DATA:
┌──

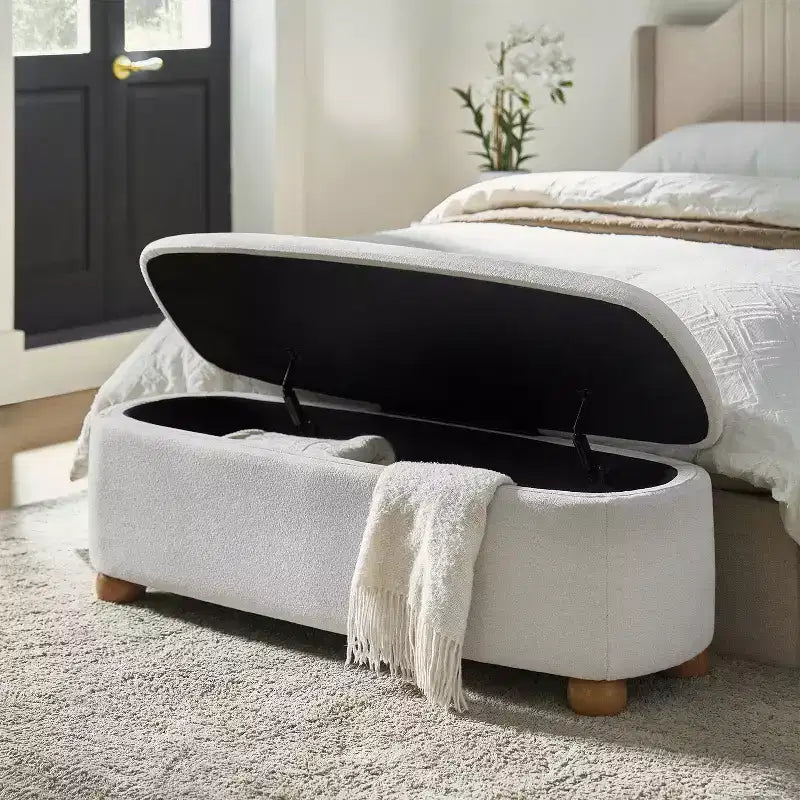 Banc de rangement Patricio avec pieds en bois massif | ART OF LIVING DESIGNS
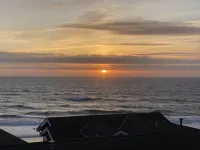 Large family-friendly home; Walk to Bella Beach; Ocean View; Hot Tub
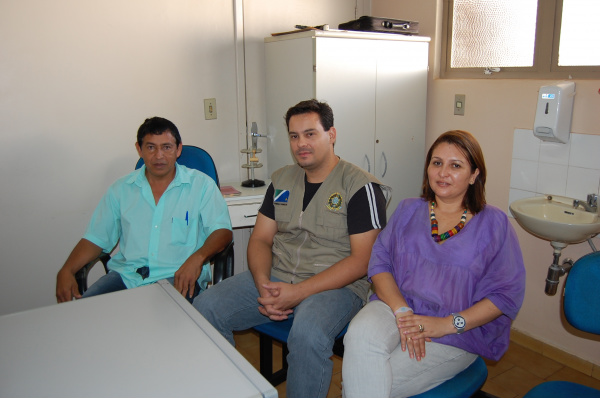 Polo de saúde indígena de Amambai é referência no MS O Diretor do Polo Base de Amambai, David Pereira (dir), o responsávelpelo setor administrativo Claudio Marcos Amaral e Maisa Rodrigues, enfermeira e coordenadora técnica do Polo.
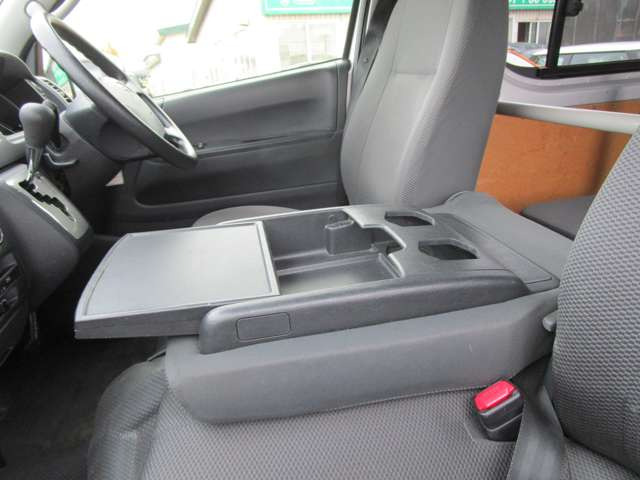 ����Ȕw�������|���ƁA�e�[�u������ɂ��Ȃ�܂�!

└──

WORK ORDER:
Give back the data exactly. Skip any images.

RESPONSE BOX:
 Banc de rangement Patricio avec pieds en bois massif | ART OF LIVING DESIGNS
 Large family-friendly home; Walk to Bella Beach; Ocean View; Hot Tub
 Polo de saúde indígena de Amambai é referência no MS O Diretor do Polo Base de Amambai, David Pereira (dir), o responsávelpelo setor administrativo Claudio Marcos Amaral e Maisa Rodrigues, enfermeira e coordenadora técnica do Polo.
 ����Ȕw�������|���ƁA�e�[�u������ɂ��Ȃ�܂�!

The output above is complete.